Motor learning is associated with (relatively) permanent changes of the procedural memory system. Based on extended deliberate practice, movement experts can rely on distinct memory structures during DM in sports, in which so-called basic action concepts (BACs) provide the representational basis for the voluntary control of complex movements. In high-level experts, these representational frameworks are organized in a distinctive hierarchical treelike structure, are remarkably similar between individuals, and are well matched with the functional and biomechanical demands of the task. In comparison, movement representations in novices are organized less hierarchically, are more variable between persons, and are less matched with the task’s functional and biomechanical demands. Thus, the quality of any movement performance may strongly depend upon the quality of movement representations in the procedural memory system.

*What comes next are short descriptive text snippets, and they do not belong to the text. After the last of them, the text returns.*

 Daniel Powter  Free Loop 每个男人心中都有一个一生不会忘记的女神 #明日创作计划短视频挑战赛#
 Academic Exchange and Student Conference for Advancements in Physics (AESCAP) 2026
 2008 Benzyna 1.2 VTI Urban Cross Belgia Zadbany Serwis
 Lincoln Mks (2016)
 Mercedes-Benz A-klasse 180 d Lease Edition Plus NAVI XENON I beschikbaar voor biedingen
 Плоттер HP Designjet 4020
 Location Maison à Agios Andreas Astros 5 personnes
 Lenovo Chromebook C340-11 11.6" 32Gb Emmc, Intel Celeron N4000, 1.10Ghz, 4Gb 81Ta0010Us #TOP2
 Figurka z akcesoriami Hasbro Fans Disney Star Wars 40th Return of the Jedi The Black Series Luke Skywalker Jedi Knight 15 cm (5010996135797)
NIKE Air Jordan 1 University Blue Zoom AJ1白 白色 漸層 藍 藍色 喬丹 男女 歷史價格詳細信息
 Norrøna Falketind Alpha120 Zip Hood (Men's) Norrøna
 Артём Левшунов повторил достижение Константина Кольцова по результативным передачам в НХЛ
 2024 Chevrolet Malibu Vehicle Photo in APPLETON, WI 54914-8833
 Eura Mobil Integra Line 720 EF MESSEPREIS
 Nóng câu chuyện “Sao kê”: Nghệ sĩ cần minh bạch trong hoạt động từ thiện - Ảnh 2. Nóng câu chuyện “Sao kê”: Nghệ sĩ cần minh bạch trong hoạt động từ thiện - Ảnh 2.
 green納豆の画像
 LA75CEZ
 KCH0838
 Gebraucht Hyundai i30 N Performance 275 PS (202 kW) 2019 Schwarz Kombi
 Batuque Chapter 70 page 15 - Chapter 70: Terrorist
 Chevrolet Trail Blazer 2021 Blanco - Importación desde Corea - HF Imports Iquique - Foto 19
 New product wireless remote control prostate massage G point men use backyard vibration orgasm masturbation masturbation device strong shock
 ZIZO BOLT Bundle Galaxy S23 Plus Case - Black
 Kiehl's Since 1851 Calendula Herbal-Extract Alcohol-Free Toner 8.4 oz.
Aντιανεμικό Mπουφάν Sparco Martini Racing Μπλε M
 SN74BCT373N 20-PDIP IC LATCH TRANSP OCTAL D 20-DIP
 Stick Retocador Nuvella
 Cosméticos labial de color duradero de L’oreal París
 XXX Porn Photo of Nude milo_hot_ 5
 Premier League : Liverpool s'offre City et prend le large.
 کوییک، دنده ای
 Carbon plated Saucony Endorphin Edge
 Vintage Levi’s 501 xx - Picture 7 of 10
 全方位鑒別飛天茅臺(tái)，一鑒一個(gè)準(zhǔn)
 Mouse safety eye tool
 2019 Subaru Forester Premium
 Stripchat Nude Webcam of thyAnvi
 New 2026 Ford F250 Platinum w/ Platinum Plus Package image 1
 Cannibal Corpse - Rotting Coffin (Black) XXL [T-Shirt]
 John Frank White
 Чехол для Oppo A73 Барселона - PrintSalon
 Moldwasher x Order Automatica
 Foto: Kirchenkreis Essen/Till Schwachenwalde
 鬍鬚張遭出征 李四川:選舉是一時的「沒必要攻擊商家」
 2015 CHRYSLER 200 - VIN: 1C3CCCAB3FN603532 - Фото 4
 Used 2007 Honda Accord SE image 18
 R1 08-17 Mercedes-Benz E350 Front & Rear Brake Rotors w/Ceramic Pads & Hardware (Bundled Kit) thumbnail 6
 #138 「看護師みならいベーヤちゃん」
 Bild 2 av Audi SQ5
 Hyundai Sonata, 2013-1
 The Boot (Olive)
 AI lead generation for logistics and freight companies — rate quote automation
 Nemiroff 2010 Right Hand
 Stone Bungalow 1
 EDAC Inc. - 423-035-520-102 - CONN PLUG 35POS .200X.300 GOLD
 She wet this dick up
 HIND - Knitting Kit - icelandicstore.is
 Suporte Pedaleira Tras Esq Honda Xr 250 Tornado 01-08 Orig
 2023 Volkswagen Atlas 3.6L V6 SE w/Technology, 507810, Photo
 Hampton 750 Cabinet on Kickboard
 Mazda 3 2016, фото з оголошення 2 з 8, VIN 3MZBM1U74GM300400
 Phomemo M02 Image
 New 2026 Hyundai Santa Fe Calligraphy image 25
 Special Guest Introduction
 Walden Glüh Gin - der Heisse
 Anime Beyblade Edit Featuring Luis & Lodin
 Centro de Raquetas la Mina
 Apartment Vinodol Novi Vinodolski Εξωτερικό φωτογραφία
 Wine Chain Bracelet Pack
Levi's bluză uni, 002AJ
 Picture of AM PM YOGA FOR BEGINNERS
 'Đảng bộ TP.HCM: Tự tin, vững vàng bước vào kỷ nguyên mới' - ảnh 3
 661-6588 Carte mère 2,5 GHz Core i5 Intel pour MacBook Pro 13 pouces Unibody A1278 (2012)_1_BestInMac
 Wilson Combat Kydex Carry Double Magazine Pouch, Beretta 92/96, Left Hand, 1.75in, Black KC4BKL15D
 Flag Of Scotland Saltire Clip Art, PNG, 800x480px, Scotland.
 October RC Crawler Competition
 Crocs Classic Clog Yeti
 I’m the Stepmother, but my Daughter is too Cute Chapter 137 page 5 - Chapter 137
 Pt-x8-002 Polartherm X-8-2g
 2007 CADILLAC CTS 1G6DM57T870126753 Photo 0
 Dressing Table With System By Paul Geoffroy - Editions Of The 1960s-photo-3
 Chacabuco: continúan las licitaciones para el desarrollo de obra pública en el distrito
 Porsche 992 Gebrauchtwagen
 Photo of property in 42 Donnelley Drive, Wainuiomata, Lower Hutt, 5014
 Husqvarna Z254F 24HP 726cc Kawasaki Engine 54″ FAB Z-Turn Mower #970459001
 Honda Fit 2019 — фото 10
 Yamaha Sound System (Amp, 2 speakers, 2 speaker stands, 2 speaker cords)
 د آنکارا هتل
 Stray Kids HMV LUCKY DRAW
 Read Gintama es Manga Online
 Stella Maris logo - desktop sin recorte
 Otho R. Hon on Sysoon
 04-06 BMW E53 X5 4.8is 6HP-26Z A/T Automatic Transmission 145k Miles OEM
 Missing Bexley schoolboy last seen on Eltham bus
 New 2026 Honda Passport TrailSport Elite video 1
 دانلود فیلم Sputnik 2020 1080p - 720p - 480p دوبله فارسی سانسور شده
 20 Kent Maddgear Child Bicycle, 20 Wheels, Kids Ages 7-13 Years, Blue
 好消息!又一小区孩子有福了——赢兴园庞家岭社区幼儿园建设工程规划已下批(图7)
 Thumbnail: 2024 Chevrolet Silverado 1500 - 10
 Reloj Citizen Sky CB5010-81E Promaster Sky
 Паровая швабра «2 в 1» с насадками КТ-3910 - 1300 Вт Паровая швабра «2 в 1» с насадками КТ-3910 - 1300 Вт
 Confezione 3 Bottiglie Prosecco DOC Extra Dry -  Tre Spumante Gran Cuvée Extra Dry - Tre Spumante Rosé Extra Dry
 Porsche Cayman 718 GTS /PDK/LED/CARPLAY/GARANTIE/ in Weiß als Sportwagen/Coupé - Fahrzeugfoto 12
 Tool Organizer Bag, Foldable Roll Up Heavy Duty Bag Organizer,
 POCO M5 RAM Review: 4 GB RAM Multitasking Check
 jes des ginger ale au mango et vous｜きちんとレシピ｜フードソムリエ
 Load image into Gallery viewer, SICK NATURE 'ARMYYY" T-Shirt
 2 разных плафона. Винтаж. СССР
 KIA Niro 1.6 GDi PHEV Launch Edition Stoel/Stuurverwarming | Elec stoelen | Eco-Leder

Expertise in a number of game sports, however, may also be reflected by the degree of the athlete’s individual bilateral competence, which signifies his or her ability to perform particular skills well on both sides of the body. The basketball player who is able to handle the ball with equal proficiency with the dominant and the nondominant hand has an advantage, because he or she can readily adopt the execution of skills to fast changes of play (e.g., while switching from the dominant to the nondominant hand), enabling him or her to flexibly adjust movements to new situations. In contrast, the athlete who is not able to handle the ball with equal proficiency on both sides may not be capable to adjust his or her play sufficiently to new situations and is (therefore) constrained to perform a particular skill with the dominant hand, even if the situation requires use of the nondominant hand. Thus, the generation of optimal solutions for different game situations in basketball (and other game sports) highly depends on the ability to perform specific movement skills with either side of the body, without much decrement in performance when using the nondominant hand. A lack of bilateral competence may hinder the progression to higher levels of competitive play in a number of game sports, harming the professional development of athletes.